Skeptics of the Federal Trade Commission’s (FTC) effectiveness may question how well the commission would handle patent trolls that have heavy financial and litigation muscle. However, these skeptics should remember that the Federal Trade Commission has already demonstrated willingness and ability to address patent trolls. In the 2014 investigation regarding MPHJ Technology Investments, LLC, the FTC found more than 16,000 demand letters sent to small businesses. Subsequently, the FTC prohibited MPHJ from asserting "false or unsubstantiated representations" regarding a patent's licensing activity or the potentiality and imminence of a lawsuit. [13] However, the FTC did not award any damages to small businesses that fell victim to this patent troll.

The bad faith standard in legislation such as the Targeting Rogue and Opaque Letters (TROL) Act provides a high standard that the FTC must meet in its patent trolls investigations. Bad faith refers to "'clear and convincing evidence' that the infringement assertions are 'objectively baseless' to avoid dismissal on summary judgment or a motion to dismiss." [14] In the case of an FTC investigation, the commission would have to show that a demand letter written by an alleged patent troll demonstrated bad faith assertions. Some examples of these bad faith assertions include, but are not limited to, falsely claiming the existence of a pending lawsuit, previous patent infringements, and even the valid ownership of a patent.
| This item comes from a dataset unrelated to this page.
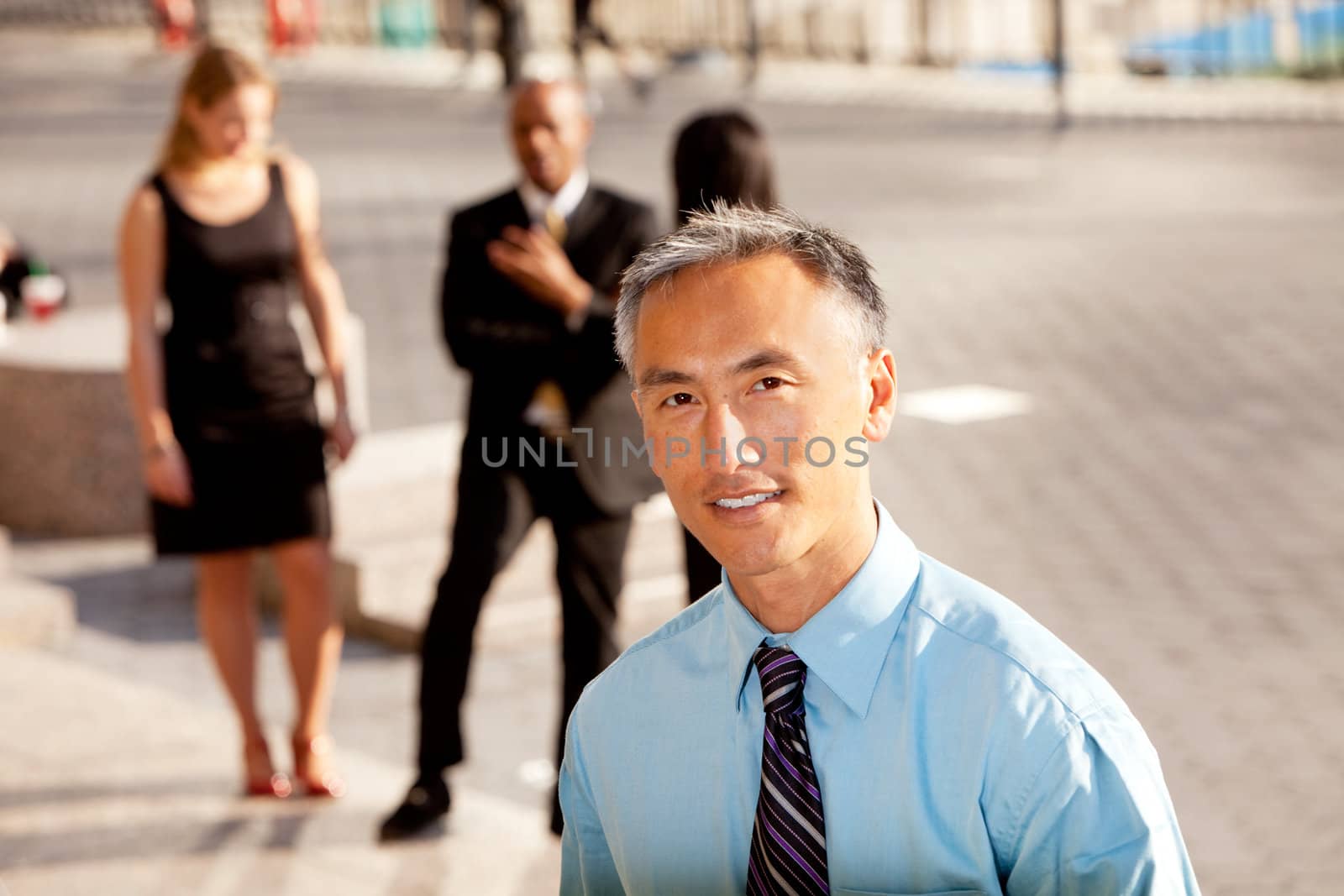 A casual business man with colleagues in the background - outdoor portrait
The authors of the issue brief will note that determining the bad faith nature of demand letters sets a high standard for the FTC. However, such a high standard will protect legitimate patent assertion entities against unreasonable investigations and sanctions.
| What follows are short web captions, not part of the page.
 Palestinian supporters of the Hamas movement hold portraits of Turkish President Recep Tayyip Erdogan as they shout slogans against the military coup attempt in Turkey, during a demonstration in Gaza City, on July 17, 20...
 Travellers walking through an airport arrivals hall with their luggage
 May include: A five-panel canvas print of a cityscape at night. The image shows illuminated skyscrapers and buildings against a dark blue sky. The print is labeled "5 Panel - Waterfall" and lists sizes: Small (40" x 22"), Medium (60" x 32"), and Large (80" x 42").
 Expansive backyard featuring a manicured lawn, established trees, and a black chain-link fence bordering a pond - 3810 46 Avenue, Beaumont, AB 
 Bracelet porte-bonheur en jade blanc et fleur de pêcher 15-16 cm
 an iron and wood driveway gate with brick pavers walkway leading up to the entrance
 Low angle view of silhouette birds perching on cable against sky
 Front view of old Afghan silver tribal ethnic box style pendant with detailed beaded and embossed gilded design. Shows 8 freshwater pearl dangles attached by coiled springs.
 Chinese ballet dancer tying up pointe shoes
Recommendations on Curbing Patent Troll Activity

Legislation that enacts sweeping reform of the patent system will not help curb patent troll activity. This type of reform only weakens patent protection for legitimate patent holders and patent trolls alike and does not deter patent trolls from engaging in abusive or frivolous litigation. The Innovation Act and PATENT Act would exceed what is needed to reduce the activity done by a small number of patent trolls by raising the costs and risks for all legitimate patent holders to enforce their patent rights in court or defend themselves from larger companies. Any legislation that would alter the current patent system should target the specific actions used by patent trolls and should not propose broad reforms that change the procedure used to enforce patents. For example, legislation like the recently proposed STRONG Patents Act gives the FTC the power to determine that certain demand letters are in "bad faith" and penalize the companies that issue these letters, but also specifically protects mistakes that were made in good faith.

Congress last passed comprehensive patent reform only five years ago, in 2011, and the unintended consequences from those changes are still appearing. [15] Without carefully analyzing the potential effects of broad reform, Congress should not rush to combat the small amount of abusive litigation activity with sweeping changes that negatively affect everyone.